USDCAD Continues To Move Higher As Canadian CPI Disappoints

USD/CAD extends the bullish sequence from earlier this week, with the pair at risk for a larger advance as updates to Canada’s Consumer Price Index (CPI) does little to boost bets for another Bank of Canada (BoC) rate-hike in 2018. The loonie is selling off against the US dollar, the British pound and the Japanese yen, while making gains versus the euro and the Australian dollar. Last week, the Canadian dollar weakened as the US dollar strengthened. Thanks to accelerating US bond yields, the US dollar is becoming a relatively more attractive investment destination versus the Canadian dollar.

USDCAD Pushes Through

Bank of Canada Governor Stephen Poloz said that a recent increase in Canadian inflation does not automatically warrant a rate hike. As the BoC targets a 1-3% range, interest rates can temporarily rise above the Bank’s 2% target. Following guidance at the Bank of Canada’s most recent meeting, Governor Poloz is adopting an increasingly neutral tone. While last year’s rate hikes were part of an interest rate normalization plan, this year Poloz is signaling that rates are set to remain low for the foreseeable future.

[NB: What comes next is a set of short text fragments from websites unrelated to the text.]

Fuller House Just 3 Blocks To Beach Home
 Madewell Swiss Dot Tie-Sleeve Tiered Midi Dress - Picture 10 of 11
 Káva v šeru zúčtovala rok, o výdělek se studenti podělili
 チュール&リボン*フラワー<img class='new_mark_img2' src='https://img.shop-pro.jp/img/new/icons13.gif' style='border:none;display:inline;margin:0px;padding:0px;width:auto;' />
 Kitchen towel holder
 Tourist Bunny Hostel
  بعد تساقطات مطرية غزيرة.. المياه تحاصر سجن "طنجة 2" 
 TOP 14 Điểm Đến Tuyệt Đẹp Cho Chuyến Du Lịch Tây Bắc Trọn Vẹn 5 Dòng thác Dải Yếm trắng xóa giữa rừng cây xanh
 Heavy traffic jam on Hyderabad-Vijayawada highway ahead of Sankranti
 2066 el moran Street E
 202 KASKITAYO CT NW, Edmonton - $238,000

This is a very light week for economic data relating to the Canadian dollar, as no significant data releases are scheduled for this week. Last week, the Bank of Canada maintained its existing interest rates, while suggesting that accommodative policies were set to continue. The USD/CAD exchange rate is currently above 1.2790. Intraday bias in USD/CAD remains on the upside for further rebound. However, we’re holding on to the view that rebound from 1.2061 has completed with three waves up to 1.3124. Hence, we’d expect strong resistance below 1.2814 support turned resistance to limit upside and bring another fall. On the downside, below 1.2658 minor support will turn bias back to the downside for 1.2526. However, firm break of 1.2814 will invalidate our view and bring stronger rally to retest 1.3124 instead.